I was asked to prove the following:
Let $X$ and $Y$ be two r.v.'s and $\mathcal A$ a $\sigma$-subfield of the probability space. $X,\ Y$ are called conditionally independent on $\mathcal A$ if for all measurable functions $f\geq0$ and $g\geq0$, $$E[f(X)g(Y)|\mathcal A]=E[f(X)|\mathcal A]\cdot E[g(Y)|\mathcal A]\quad\text{a.s.}\quad (*)$$ Prove that this definition is equivalent to: For any nonnegative $\mathcal A$-measurable r.v. $Z$ and all measurable functions $f\geq0$ and $g\geq0$, $$E[f(X)g(Y)Z]=E[f(X)ZE[g(Y)|\mathcal A]]\quad (\#)$$
My attempt:
"$\Rightarrow$": First $E[f(X)g(Y)Z]=E[E[f(X)g(Y)Z|\mathcal A]]=E[ZE[f(X)g(Y)|\mathcal A]]$ because $\sigma(Z)\subset\mathcal A$. By $(*)$ we have $$E[f(X)g(Y)Z]=E[ZE[f(X)|\mathcal A]\cdot E[g(Y)|\mathcal A]]=E[E[f(X)|\mathcal A]\cdot ZE[g(Y)|\mathcal A]]$$ Note that $ZE[g(Y)|\mathcal A]$ is $\mathcal A$-measurable, hence $$E[E[f(X)|\mathcal A]\cdot ZE[g(Y)|\mathcal A]]=E[f(X)ZE[g(Y)|\mathcal A]]$$
"$\Leftarrow$": Simply reverse everything above.
Some questions:
Is my proof correct?
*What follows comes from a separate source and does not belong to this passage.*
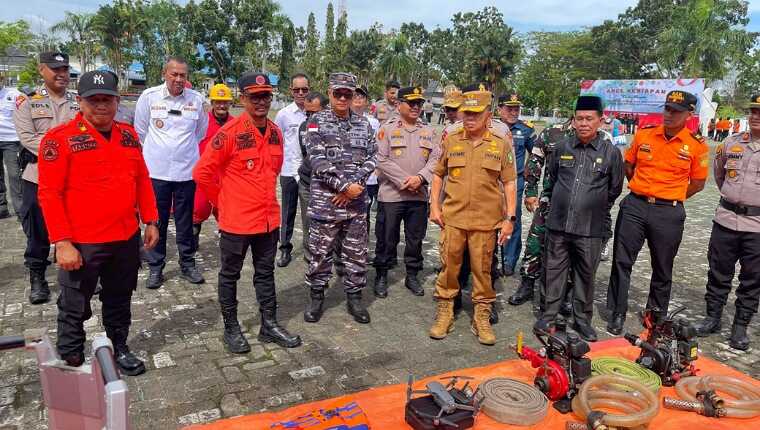 siaga-bencana-hidrometeorologi,-pemkab-meranti-pamerkan-peralatan-dalam-apel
I am concerned about the integrability. But if we suppose all expectations that turn up exist, if my proof correct? On the other hand, is it possible that we do not have to worry about integrability because $f(X), g(Y), Z$ are all positive?
This definition of conditional independence is pretty different from what one usually sees. I don't really get the motivation of this definition. Can you explain how this is related to the usual definition of conditional independence?